◆ **Required action**: Nothing but the lines from the one with "มะม่วงมันขุนศรีออร์เเกนิค (บางช้าง)" down to the one with "conus-spurius-quadratus-roding-1798-65mm-copia" should be returned, exactly and with both ends included, from the material below.

◆ **Records for processing**:
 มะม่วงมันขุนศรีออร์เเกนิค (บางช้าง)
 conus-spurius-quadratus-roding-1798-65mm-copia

--

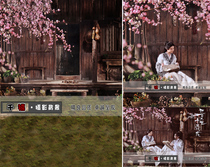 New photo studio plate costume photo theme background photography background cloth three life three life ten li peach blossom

==

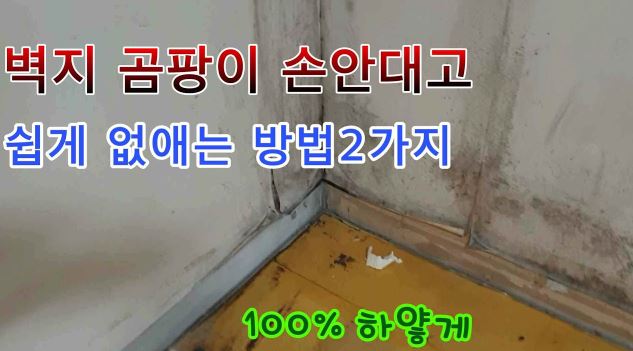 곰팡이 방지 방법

◆ **Solution to this exercise**:
 มะม่วงมันขุนศรีออร์เเกนิค (บางช้าง)
 conus-spurius-quadratus-roding-1798-65mm-copia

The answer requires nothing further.